O evento contou com palestras educativas, apresentações de teatro e shows de diversos tipos e gostos. A Rainha do Bumbum, Gretchen, foi uma das principais atrações do encontro que também contou com apresentações de bandas regionais.
A Praça Tiradentes foi completamente tomada onde pessoas de diferentes opções sexuais se divertiram com muito respeito ao próximo. O evento foi organizado e idealizado sem grandes patrocinadores o que para o próximo ano Gabriel Marciano, um dos principais organizadores, diz não medir esforços para que seja realizada a 2ª Parada do Orgulho GLBT de Ouro Preto, "Consegui chegar até aqui sem grandes patrocinadores, mas quero deixar o meu agradecimento às pessoas que me apoiaram os ambulantes, a Associação de barraquinhas, a secretaria de Saúde, ao Corpo de Bombeiros, a Limpeza Urbana, a Prefeitura e Câmara de Ouro Preto e as pessoas que colaboraram, enfim, todo mundo que acreditou em mim e também aqueles que não acreditaram" declarou Gabriel.

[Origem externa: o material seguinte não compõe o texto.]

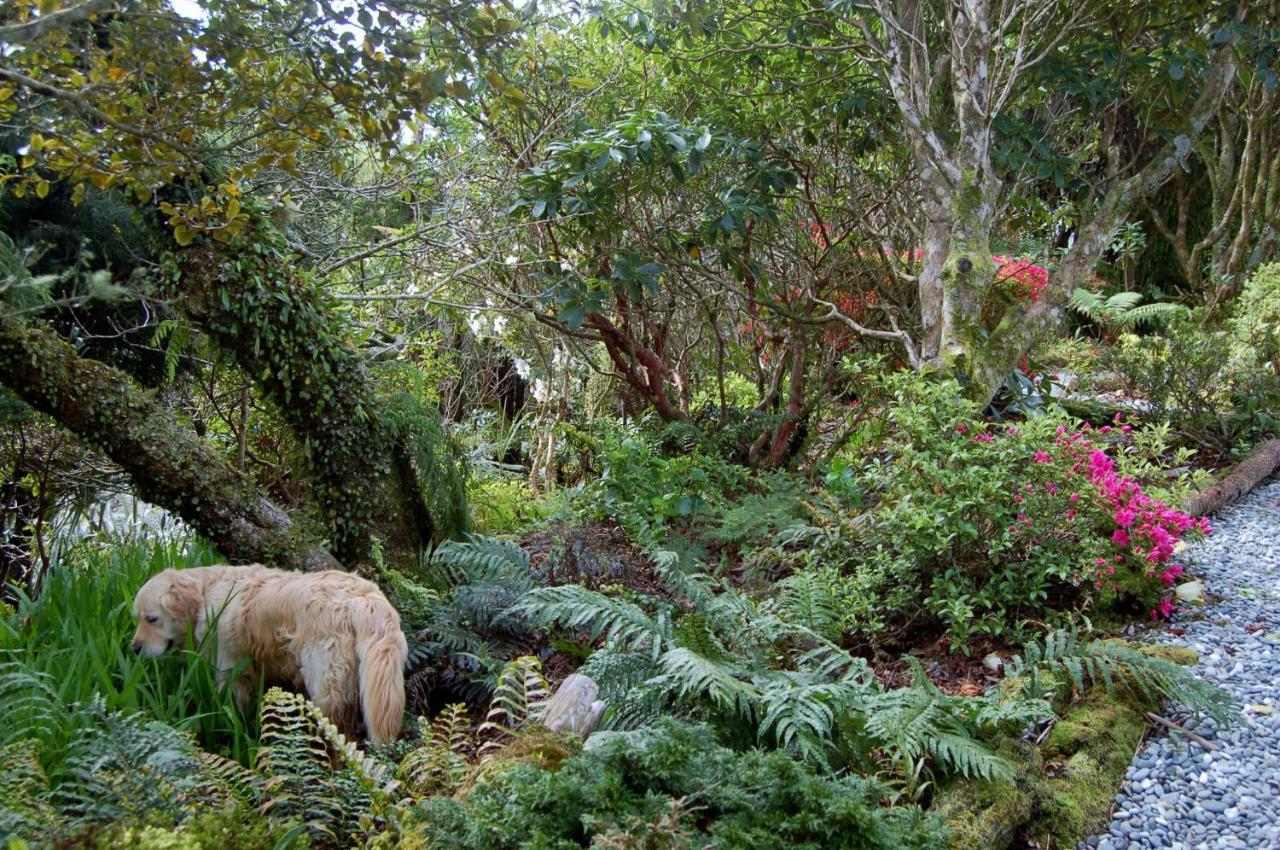 Oak Lodge Greymouth Dış mekan fotoğraf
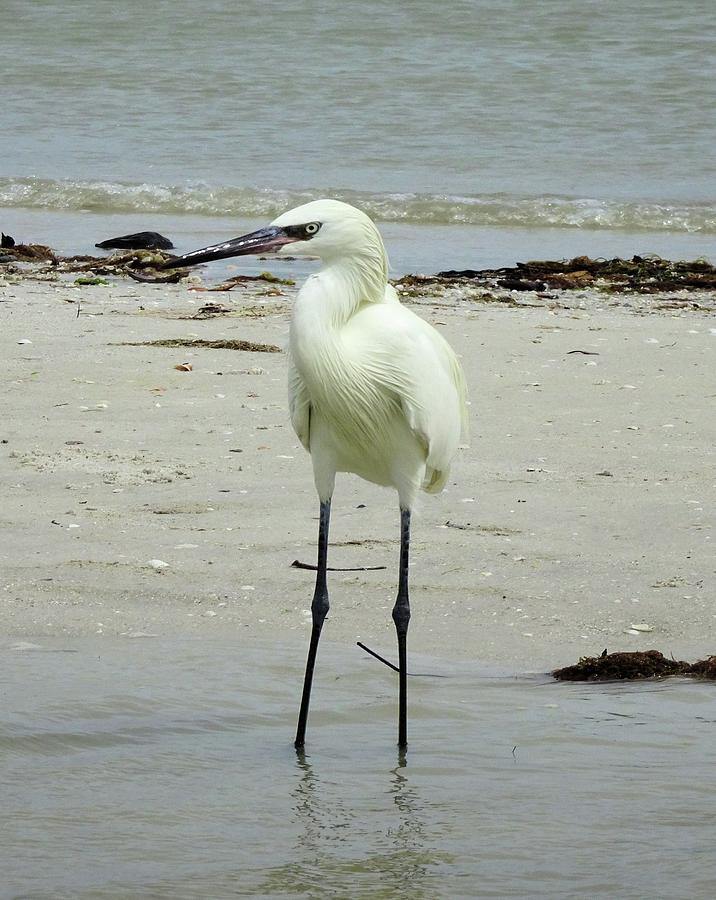 Snowy Egret Profile Photograph by Karen Stansberry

"Aqui começa uma luta, conquistas a se garantir. Temos o Programa Brasil em Homofobia do Governo Federal desde 2004, que precisa avançar com ações concretas e firmes no seu desenvolvimento afinal ninguém nasce racista, machista ou homofóbico. Para erradicar a discriminação a pior das pragas da humanidade é o preconceito, e o Estado precisa agir realizando agendas como esta" ressalta André Versiani, Psicólogo e Colaborador Cultural do evento.
O segmento GLBT em nosso país vem enfrentando a discriminação e marginalização decorrente de uma sociedade que com alguma desenvoltura absorveu a tolerância às diversidades culturais e religiosas sem o acompanhamento das relações homoafetivas como geradoras de direito. No Brasil a luta pelos direitos humanos dos gays teve início na década de 80 e a partir daí vem se fortalecendo com a multiplicação das Paradas e de grupos ativistas.